Research & Data

Who Blocks Google-Extended? 25 of 107 Top Sites Do

Jun 13, 2026

Google operates Google-Extended as a dedicated user-agent for AI training and product improvement — explicitly separate from the standard Googlebot that drives search indexing. That distinction gave publishers a clean mechanism to opt out of AI data use without risking their search rankings. As of June 13, 2026, 25 of 107 prominent sites with parseable robots.txt files have done exactly that.

25 of 107 sites block Google-Extended — the lowest among the 4 largest operators.

The 23.4% block rate is the lowest among the large commercial AI operators tracked in this corpus. Common Crawl sits at 40 sites blocked, Anthropic at 39 sites, and OpenAI at 35 sites. Google-Extended's lower resistance rate likely reflects a calculation by many publishers: blocking Google-Extended carries no search penalty, but some publishers may still hesitate to antagonize the company that drives the bulk of their organic traffic — even when those two relationships are now technically decoupled.

Snapshot Methodology

US Tech Automations fetched robots.txt files from 122 prominent sites on June 13, 2026. Of those 122, 107 returned a parseable file; all percentages in this report are computed over that 107-site base. The snapshot is point-in-time and sealed — nothing is estimated, modeled, or extrapolated. Every numeral in this report is a verbatim count from public robots.txt directives as they existed on that date.

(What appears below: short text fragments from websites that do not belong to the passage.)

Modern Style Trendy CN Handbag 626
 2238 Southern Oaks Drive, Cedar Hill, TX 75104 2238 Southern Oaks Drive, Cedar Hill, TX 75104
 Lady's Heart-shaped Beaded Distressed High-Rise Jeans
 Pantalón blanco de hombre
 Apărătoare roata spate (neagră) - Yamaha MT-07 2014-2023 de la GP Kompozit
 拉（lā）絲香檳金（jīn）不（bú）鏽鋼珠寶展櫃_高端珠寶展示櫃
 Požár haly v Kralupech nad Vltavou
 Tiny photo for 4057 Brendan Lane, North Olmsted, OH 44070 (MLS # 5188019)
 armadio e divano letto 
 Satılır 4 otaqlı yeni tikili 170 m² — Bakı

The snapshot sha is 741353c4304216ee, which pins the exact state of the dataset. robots.txt is an honor-system standard — it measures a site operator's stated intent, not a technical firewall. These numbers will not change as sites later edit their files; they describe a specific moment in time.

The 122-site panel spans 10 content categories and 21 tracked bot user-agents across 12 AI operators. Across the full corpus, 48 of 107 sites (44.9%) block some AI crawler. An additional 20 of 107 (18.7%) have adopted llms.txt, and 9 sites (8.4%) earned "star" status for the most comprehensive AI-access restrictions in the dataset.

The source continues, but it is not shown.